Gerald Suster was married twice, in 1975 to Ann Nash (marriage dissolved) and in 1992 to Michaela Antonina Duncan (1948–2001).

==Occult activities==
While working in California Gerald Suster met Israel Regardie and Gerald Yorke, two of the few remaining occultists who had studied directly under Aleister Crowley. Suster made great progress in A∴A∴, and became a well-known figure in the London occult and pagan scenes. He prefaced every speech & comment with the words: "Do what thou wilt shall be the whole of the Law"; the immediate source of the utterance is the Book of the Law.

In 1989 he became a tutor at Boarzell Tutorial College in Sussex; however his teaching career came to an abrupt end when he was featured in an exposé of his occult activities in the News of the World newspaper on 16 April 1989. Suster sued the paper for libel, citing extensive damage to his livelihood arising from the article and various lies by the reporter Chris Blythe. News International paid £10,000 into court; Suster accepted the offer and got £80,000 of costs from them. After the case, Gerald Suster & his new wife went on honeymoon to Madrid. On their return, he focused on being a full-time author, producing books of biography, occultism, and erotica. He called his new occupation "my most productive period of creative writing".

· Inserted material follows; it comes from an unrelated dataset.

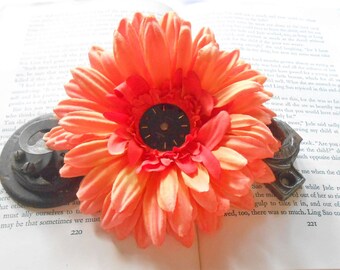 Orange Flower Hair Clip - Orange Flower Hair Barrette - Steam Punk Hair Clip - Flower Brooch - Hair Barrette - Watch Face -Summer Fashion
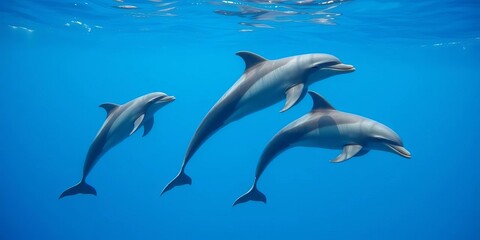 Fototapeta premium Three bottlenose dolphins swimming gracefully in ocean, group, water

Suster died on 3 February 2001 in London. The Suster family buried the body in the ground of the local Anglican church. The Central London Pagan Scene held a goetic memorial for him in the upper room of The Princess Louise in Holborn, one of Suster's long-time haunts.

==Bibliography==

===Fiction===
- The Devil's Maze (1979)
- The Elect (1980)
- The Scar (1981)
- The Offering (1982)
- The Victim - as George Scarman (1982)
- The Block (1983)
- Stryker (1984)
- The Force (1984)
- The Handyman (1985)
- The God Game (1986)
- The Labyrinth of Satan (1997)

===Non-fiction===
- Hitler and the Age of Horus (1981; in the United States as: Hitler: The Occult Messiah)
- John Dee: Essential Readings (1986)
- Hitler: Black Magician (1987)
- The Legacy of the Beast: The Life, Work, and Influence of Aleister Crowley (1988)
- Crowley's Apprentice: The Life and Ideas of Israel Regardie (1989)
- Champions of the Ring: The Lives and Times of Boxing's Heavyweight Heroes (1992)
- Lightning Strikes: The Lives and Times of Boxing's Lightweight Heroes (1994)
- The Truth About the Tarot: A Manual of Practice and Theory (1996)
- The Generals: The Best and Worst Military Commanders (1997)
- The Hell-Fire Friars: Sex, Politics & Religion (2000)

===Erotica===
- The Black Pearl: Memoirs of a Victorian Sex-Magician Volume 1 - as Anonymous (1995)
- The Black Pearl: Memoirs of a Victorian Sex-Magician Volume 2 - as Anonymous (1995)
- The Black Pearl: Memoirs of a Victorian Sex-Magician Volume 3 - as Anonymous (1995)
- The Secret Sutras: The 'Lost' Erotic Journals of Sir Richard Burton - as Marcus Ardonne, PhD and Sir Richard Burton (1996)
- Arena of Lust - as Marcus Ardonne, PhD and Sextus Propertius (1996)
- Unholy Passions - as Anonymous (1997)
- Vixens - as Alan Dale (1997)
- The Black Pearl: Memoirs of a Victorian Sex-Magician Volume 4 - as Anonymous (1998)
- Sexploited - as Alan Dale (1998)
- Gothic Passions - as Anonymous (1998)
- Wolverines - as Alan Dale (1998)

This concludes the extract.